Goal of the exercise | Set out exactly every line of the entries below, starting at the line that holds "5 Pairs Stud" and stopping after the line that holds "Aqua Teen Hunger".

Material shown |
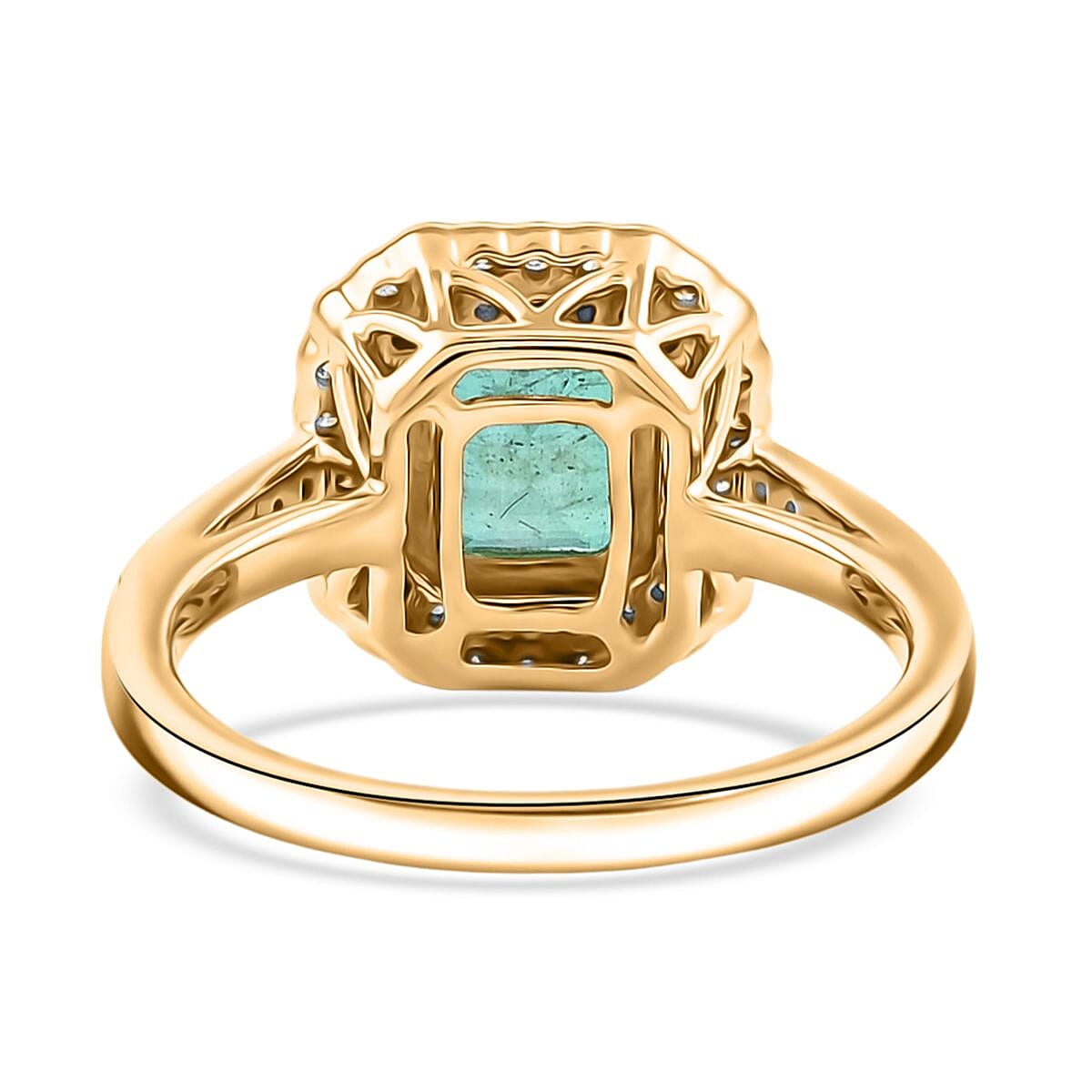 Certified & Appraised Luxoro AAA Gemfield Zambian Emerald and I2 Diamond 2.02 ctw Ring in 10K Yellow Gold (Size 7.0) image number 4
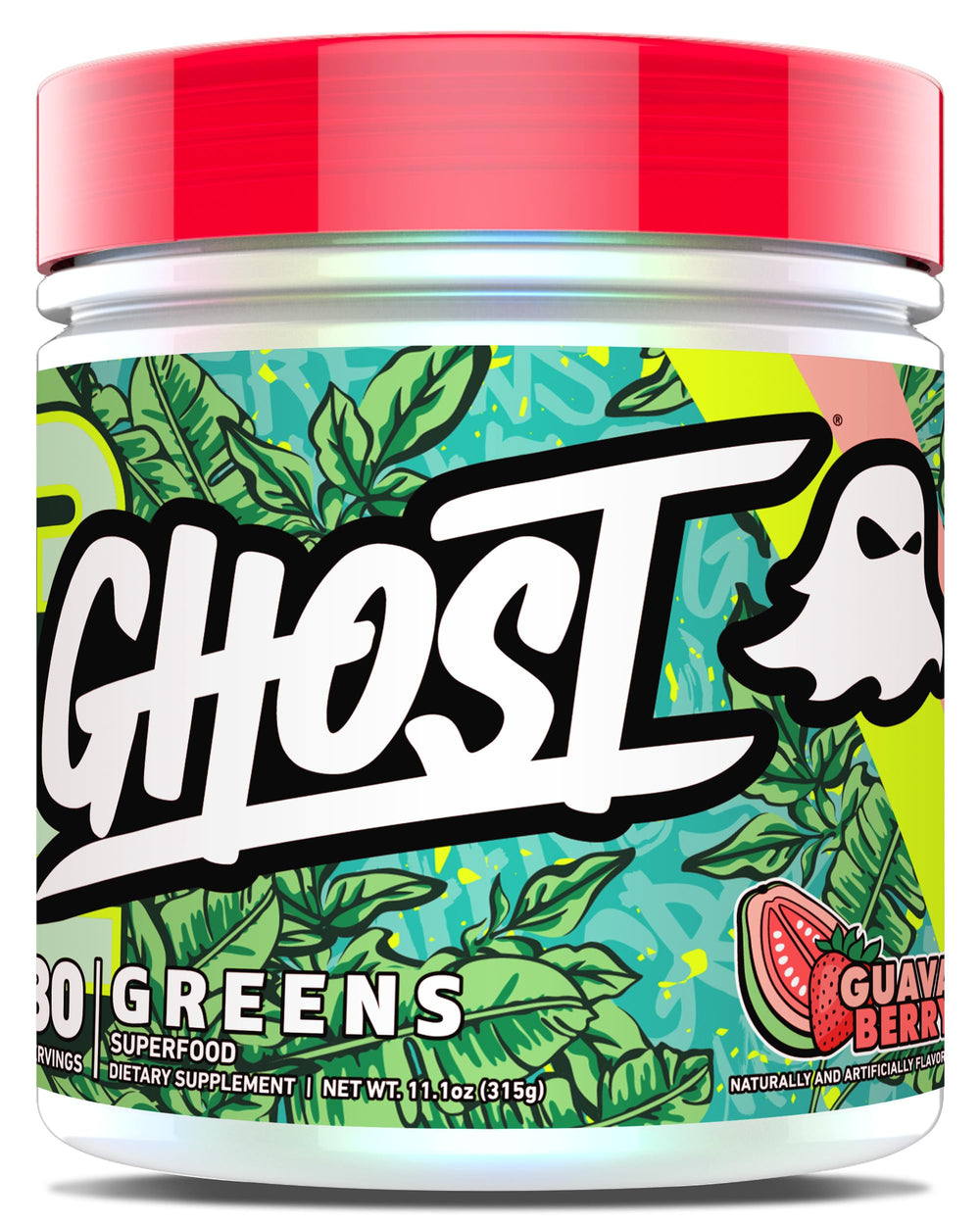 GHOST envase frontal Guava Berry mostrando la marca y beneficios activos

--

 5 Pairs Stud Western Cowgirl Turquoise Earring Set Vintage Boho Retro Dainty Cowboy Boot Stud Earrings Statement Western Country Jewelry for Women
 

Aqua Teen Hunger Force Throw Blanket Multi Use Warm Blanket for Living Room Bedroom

Exercise response |
 5 Pairs Stud Western Cowgirl Turquoise Earring Set Vintage Boho Retro Dainty Cowboy Boot Stud Earrings Statement Western Country Jewelry for Women
 

Aqua Teen Hunger Force Throw Blanket Multi Use Warm Blanket for Living Room Bedroom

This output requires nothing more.